= Thomas Paget, 3rd Baron Paget =

English nobleman (c.1544–1590)

Thomas Paget, 3rd Baron Paget (c. 1544 – 1590) was an English peer, the second son of William Paget, 1st Baron Paget. He succeeded to the barony in 1568 at the death of his elder brother, Henry Paget, 2nd Baron Paget.

==Family==
Thomas Paget, born about 1544, was the second son of William Paget, 1st Baron Paget, and Anne Preston (d. 1587), the daughter of Henry Preston. He had three brothers, Henry, Charles and Edward (died young), and six sisters, Etheldreda, who married Sir Christopher Allen; Eleanor, who married firstly, Jerome Palmer, esquire, and secondly, Sir Rowland Clarke; Grisold, who married firstly, Sir Thomas Rivett, and secondly, Sir William Waldegrave; Joan (or Jane), who married Thomas Kitson, son of Sir Thomas Kitson and Margaret Donnington; Dorothy, who married Sir Thomas Willoughby (d. 1559); and Anne (d. 1590), who married Sir Henry Lee.

==Career==
Paget matriculated at Gonville and Caius College, Cambridge on 27 May 1559, and in 1561 was admitted to the Middle Temple. He succeeded his elder brother, Henry Paget, 2nd Baron Paget in 1568, 'and (according to the decision of the House of Lords governing the succession of this title in 1770) succeeded his niece Elizabeth as the fourth holder of the Paget peerage in 1570, accordingly receiving a summons to parliament in 1571'.
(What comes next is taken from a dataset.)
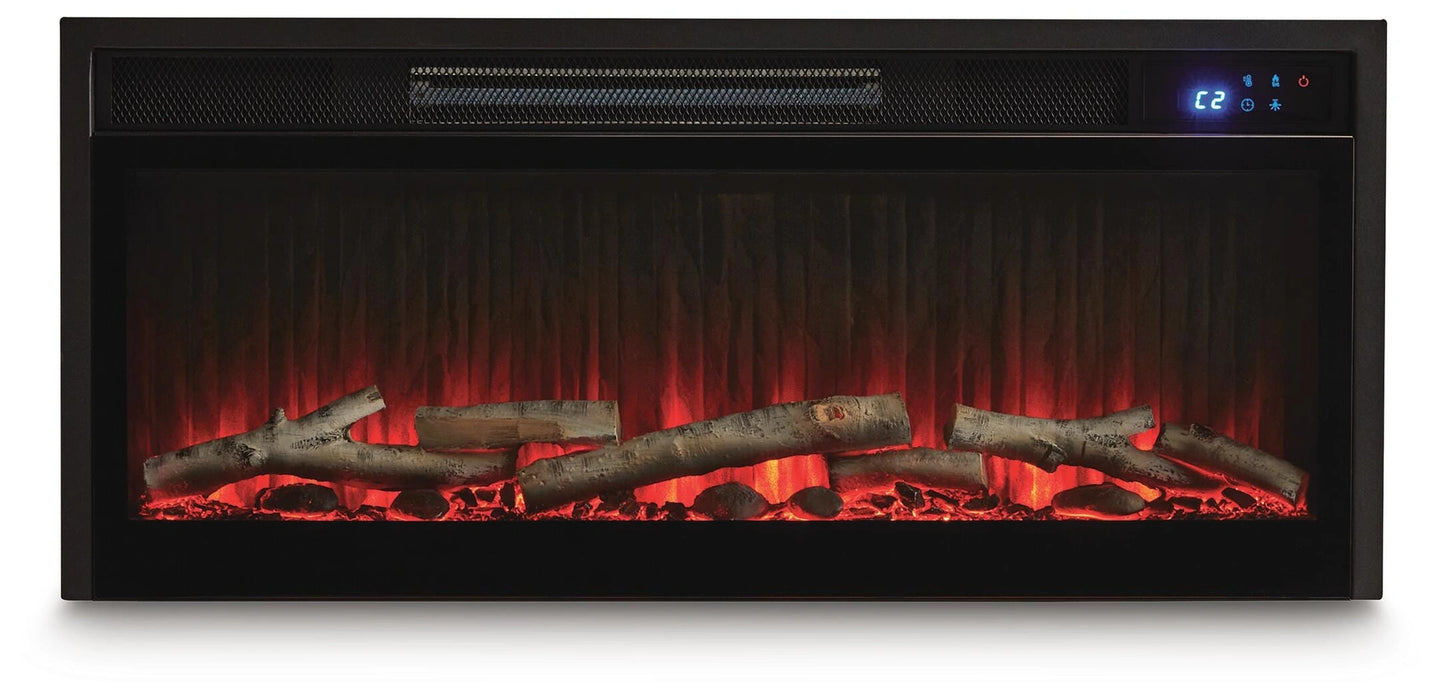 Five Star Furniture - Entertainment Accessories Fireplace Insert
By this time, he had married Nazareth Newton a wealthy widow and former lady-in-waiting. The marriage was unhappy and they separated by 1582.
==Conspiracy==
Thomas Paget and his brother Charles were both devout Catholics, and would not conform to the Protestant religion of Queen Elizabeth I.
Aided by Henry Percy, Paget fled to Paris on the uncovering of the Throckmorton Plot in November 1583, joining his brother Charles who had been in exile there since 1581. The failed conspiracy's plan was for an invasion of England by French forces under the command of Henry, Duke of Guise, financed by Philip II of Spain. English Catholics would then rise up and depose Elizabeth, placing Catholic Mary, Queen of Scots on the English throne.

After his flight to France Elizabeth issued a proclamation commanding Thomas Paget to return to England. In June 1584 a formal demand for the surrender of Paget was made to the King of France through the English ambassador, which was not carried out.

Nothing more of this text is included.